I have realized that I am scared to death of teenagers. Perhaps its my genteel nature, my delicate primrose demeanor, or my flat out non-threatening nature.
When I see teenagers, I know how the gazelle feels. Just like in those nature specials, the gazelle can be having a snack of wheatgrass out on the plains, when along come a pack of vicious wolves, or hyaena. That is how I think of teenagers.
Like the hyaena, teenagers tend to travel in packs. They let out cackles that are both frightening and distracting. They are stronger in groups, as they hoot and holler and live through that group mentale. The gazelle on the other hand is svelte, much like me, and gentle. They tend to their young, and gingerly step through the fields where they live, eat, and play.
Putting them together is a bad idea. Much like putting me with a group of teenagers. Looking over my shoulder, and imagining that every hushed conversation they have among themselves is a plot to somehow overtake me. Steal my wallet, knock me down, tussle my hair, rip my button down collared shirts.
Lately, groups of teens have been coming to the library. This is good, afterall, they aren't out on the streets terrorizing pedestrians on their skateboards, and trying to rush through on-coming traffic. Instead, they turn to my territory: the library.
I'm sure most of them are well meaning, misguided, overly pierced people. Their tattoos and gamey scent only hide the true inner being they hope will shine through by entering the pearly gates of the literary world. Somehow, you can take the punk off the street, but you can't take the street out of the punk. In a well meaning way, they remove a book from the shelve - and make 10 more fall to the faux berber carpeting. They jam the photocopier while making copies of Anime monthly. They begin in gentle, soft voices but end up calling to their pack in loud, alpine worthy tones. The impression they may have hoped to leave with us never arrives. Instead, like a poorly made James Bond martini, they leave me both shaken and stirred.
I like the gazelle stay alert.

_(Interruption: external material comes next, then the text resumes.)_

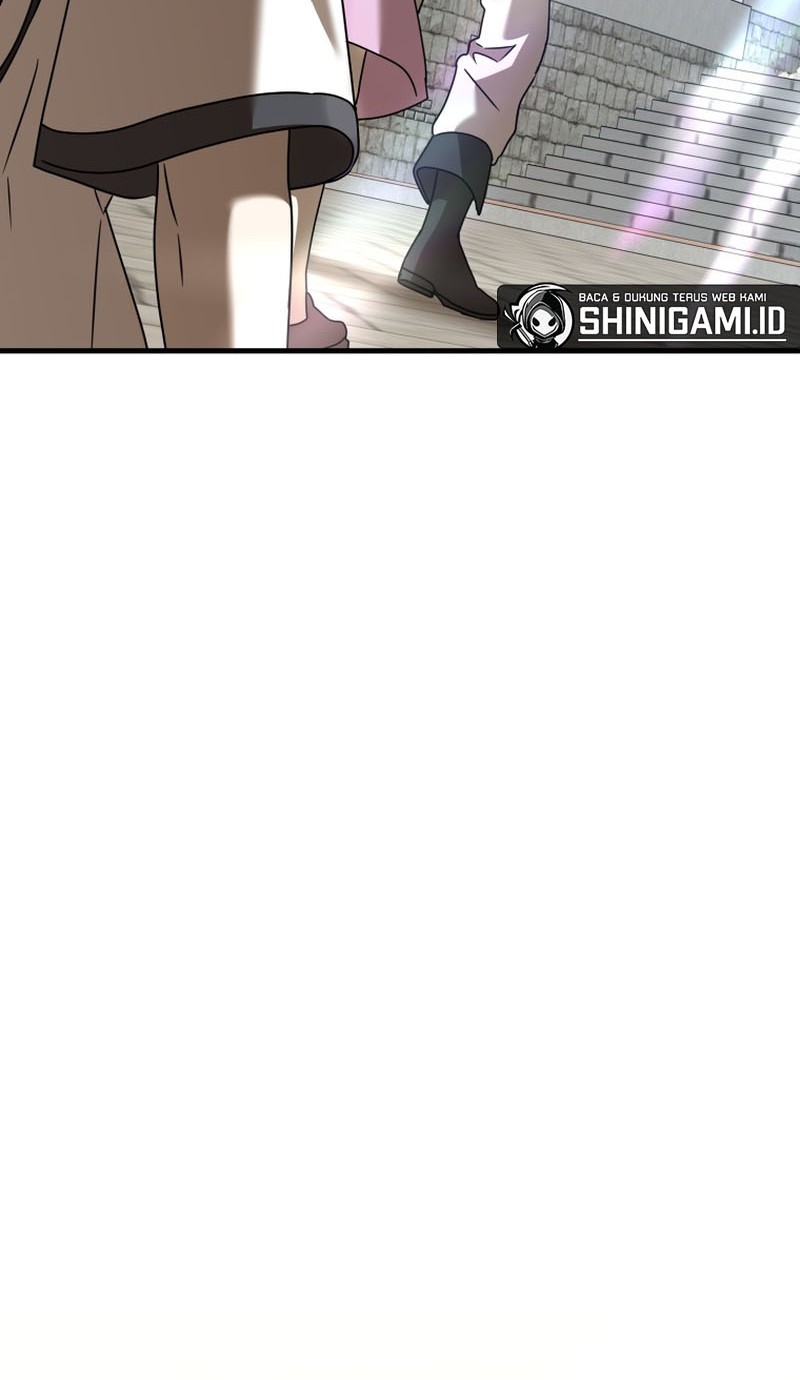 The Demon Prince Goes to the Academy Chapter 40 Gambar 41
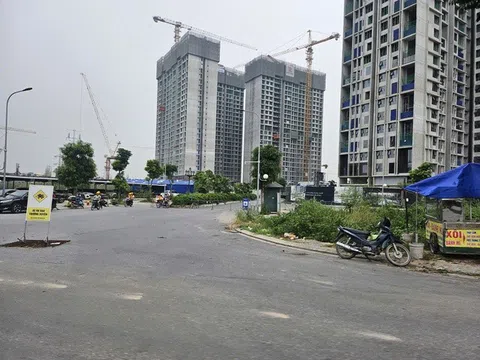 Trong 9 tháng có 73 dự án bất động sản được khởi công mới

I look for all their tell tale signs of attack...sudden movement, an unexpected calm, a sideways glance from their shifty pubescent eyes. Librarians must stay alert when they enter, like the Victorian Safari hunters of yesteryear. I must be ready at any moment to dash with my long legs into the staff canteen, hiding with the other innocents until the terror has passed.
Like the gazelle, I can slip back to my graceful composure while retaining my innate sense of impending danger, ready for the next group to enter the library.
I was a teenager once, and I don't think anyone was afraid of me. Perhaps I've been like a gazelle my whole life. I wonder what it is about them that is so startling? Perhaps it's that they are the next wave of librarians. Which of them will escape the pack? Or will it be the other gentle natured gazelle-like boys that contain the gen-x replacement series.
When I am old will I want them to help me? Will I trust them? At 65 will I look at those 50 year old librarians with the same fear? Will librarians even be the same in 40 years? Reference interviews being held like shouting matches across a library that I helped build? Will roaming in the stacks turn into tracking down people to assault with the ambitious "can I help you find something?". Who knows.
Luckily, being a gazelle can only happen in the public realm. An African proverb says "Every morning in Africa, a gazelle wakes up. It knows it must outrun the fastest lion or be killed. Every morning in Africa a lion wakes up. It knows it must run faster than the slowest gazelle or it will starve. So whether you're the lion or gazelle, when the sun comes up, start running."
I don't run even when I'm being chased. Its too hard to light a cigarette when running.
Moral of this blog: Chain smoking gazelles should not work in public libraries. They are meant to create exhibition catalogues for Sotheby's or Christie's.